Personal Training: What Are Drop Sets

Posted by Ben Simpkins on August 31, 2016

Depending upon where you are on your fitness journey you may know that there are different type of sets and training methods to help load up the muscle group you are training, these can be simple to imply or some are a little more complex. We are going to look at each one in detail to help you understand how to implement them into your training regime and get yourself some extra results.
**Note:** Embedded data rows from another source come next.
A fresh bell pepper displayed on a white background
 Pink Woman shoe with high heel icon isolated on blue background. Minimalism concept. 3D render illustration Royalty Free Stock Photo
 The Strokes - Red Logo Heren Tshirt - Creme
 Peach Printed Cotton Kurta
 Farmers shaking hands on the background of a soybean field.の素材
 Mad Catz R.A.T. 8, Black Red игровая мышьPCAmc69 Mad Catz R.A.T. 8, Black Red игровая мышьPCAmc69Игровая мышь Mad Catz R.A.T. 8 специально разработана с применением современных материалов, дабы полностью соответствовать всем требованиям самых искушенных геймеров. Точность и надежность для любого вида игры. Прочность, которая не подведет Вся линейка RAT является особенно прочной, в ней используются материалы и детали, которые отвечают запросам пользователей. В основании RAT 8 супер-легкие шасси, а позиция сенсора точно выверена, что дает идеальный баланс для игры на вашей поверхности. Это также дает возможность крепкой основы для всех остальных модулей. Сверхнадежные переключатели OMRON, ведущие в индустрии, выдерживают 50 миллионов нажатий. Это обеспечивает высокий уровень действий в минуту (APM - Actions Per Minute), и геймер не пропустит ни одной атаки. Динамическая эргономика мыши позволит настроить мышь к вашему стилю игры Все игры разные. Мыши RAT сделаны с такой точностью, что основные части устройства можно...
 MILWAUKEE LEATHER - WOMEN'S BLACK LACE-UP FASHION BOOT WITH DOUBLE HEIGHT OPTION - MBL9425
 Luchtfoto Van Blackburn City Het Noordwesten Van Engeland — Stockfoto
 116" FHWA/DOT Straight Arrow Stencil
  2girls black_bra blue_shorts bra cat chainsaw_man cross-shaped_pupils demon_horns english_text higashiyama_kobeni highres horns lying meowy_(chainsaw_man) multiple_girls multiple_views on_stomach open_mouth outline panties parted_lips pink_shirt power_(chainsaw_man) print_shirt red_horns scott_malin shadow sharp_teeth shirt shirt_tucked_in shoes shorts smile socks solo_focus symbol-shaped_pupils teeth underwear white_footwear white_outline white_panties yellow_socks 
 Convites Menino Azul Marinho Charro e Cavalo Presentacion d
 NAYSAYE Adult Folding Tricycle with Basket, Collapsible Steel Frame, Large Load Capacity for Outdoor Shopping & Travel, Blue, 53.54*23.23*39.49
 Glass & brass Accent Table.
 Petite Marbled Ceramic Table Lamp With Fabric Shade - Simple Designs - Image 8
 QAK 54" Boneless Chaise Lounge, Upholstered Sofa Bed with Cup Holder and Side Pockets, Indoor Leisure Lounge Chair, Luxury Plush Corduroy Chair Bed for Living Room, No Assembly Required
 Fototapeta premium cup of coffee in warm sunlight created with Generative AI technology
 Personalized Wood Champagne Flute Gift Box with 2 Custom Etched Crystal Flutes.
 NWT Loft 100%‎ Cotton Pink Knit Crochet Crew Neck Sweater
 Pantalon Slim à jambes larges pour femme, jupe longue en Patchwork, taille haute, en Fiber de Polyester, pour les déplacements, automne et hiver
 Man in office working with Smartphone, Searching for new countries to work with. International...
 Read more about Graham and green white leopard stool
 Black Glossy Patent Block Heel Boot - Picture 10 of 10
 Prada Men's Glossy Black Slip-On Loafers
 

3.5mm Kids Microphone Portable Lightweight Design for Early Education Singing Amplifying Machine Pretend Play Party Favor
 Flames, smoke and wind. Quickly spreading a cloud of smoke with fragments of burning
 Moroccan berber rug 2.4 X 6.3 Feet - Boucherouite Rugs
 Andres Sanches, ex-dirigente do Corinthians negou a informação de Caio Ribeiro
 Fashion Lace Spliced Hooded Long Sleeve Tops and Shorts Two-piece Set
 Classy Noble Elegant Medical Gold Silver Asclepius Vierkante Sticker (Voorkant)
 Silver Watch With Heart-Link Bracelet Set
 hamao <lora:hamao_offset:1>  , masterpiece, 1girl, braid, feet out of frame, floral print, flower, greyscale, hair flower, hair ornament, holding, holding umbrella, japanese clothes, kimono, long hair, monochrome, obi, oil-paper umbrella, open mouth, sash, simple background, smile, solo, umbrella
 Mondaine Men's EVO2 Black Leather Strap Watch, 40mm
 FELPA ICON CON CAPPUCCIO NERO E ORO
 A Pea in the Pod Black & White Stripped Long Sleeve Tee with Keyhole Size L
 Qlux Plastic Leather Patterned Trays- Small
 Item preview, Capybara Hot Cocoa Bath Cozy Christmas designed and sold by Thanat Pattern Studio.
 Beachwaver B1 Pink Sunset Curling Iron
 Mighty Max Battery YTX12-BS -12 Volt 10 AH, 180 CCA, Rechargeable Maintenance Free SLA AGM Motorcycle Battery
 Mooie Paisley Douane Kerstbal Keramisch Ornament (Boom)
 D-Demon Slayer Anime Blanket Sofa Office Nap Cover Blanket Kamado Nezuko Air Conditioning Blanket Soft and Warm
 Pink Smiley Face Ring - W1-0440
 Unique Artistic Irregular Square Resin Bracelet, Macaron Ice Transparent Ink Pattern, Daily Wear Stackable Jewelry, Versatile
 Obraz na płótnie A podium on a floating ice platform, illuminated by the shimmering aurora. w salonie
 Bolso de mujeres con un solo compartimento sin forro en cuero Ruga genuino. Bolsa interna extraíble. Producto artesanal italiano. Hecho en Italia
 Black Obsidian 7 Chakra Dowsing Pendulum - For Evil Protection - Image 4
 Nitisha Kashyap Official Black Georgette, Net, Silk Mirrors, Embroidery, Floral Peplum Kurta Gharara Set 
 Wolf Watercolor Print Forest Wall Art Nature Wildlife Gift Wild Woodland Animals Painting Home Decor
If you are quite new to lifting weights then I wouldn’t worry too much about these now as you will still be getting good results with your current training programme but if you have been lifting weights for over 6 months and would like a new stimulus and a little change to your routine then this would be worth adding in.

What is a drop set?

This is where you start an exercise on a set weight and perform as many repetitions as possible until failure, “drop” the weight down, and continue the same exercise until failure again. You must limit the amount of rest between sets.

How do I use a drop set?

You can work on a pyramid system where you start with working on 10-12 reps, increase the weight and drop to 8 reps, then one final increase and hit 4-6 reps. Once at the top you keep working on as many repetitions as possible on each weight until you drop to around 30% of the highest weight you used.

Or you could focus on a basic one where you hit your desired rep range, so lets say you were working to 15. Keep the weight as heavy as possible for the 15 reps while keeping form, then take some off and continue to work the same exercise until failure.

When should I use them?

Typically I throw a drop set into the last exercise of the muscle group that is being worked as a finisher, but you can create a programme solely on drop sets but to achieve this you would need to pick 4 exercises and muscles groups to work on.

Get ready to feel the burn! These hurt, like bad, but they get results and are a fantastic calorie burner so they are well worth including in your routine. Just make sure you start at a heavy enough weight to get the full benefit as if you can hit 30 reps on your start weight, you have gone too light!

Make sure you keep the correct form throughout to reduce the risk of activating muscles that shouldn’t be involved and you keep the tension in the right muscle groups.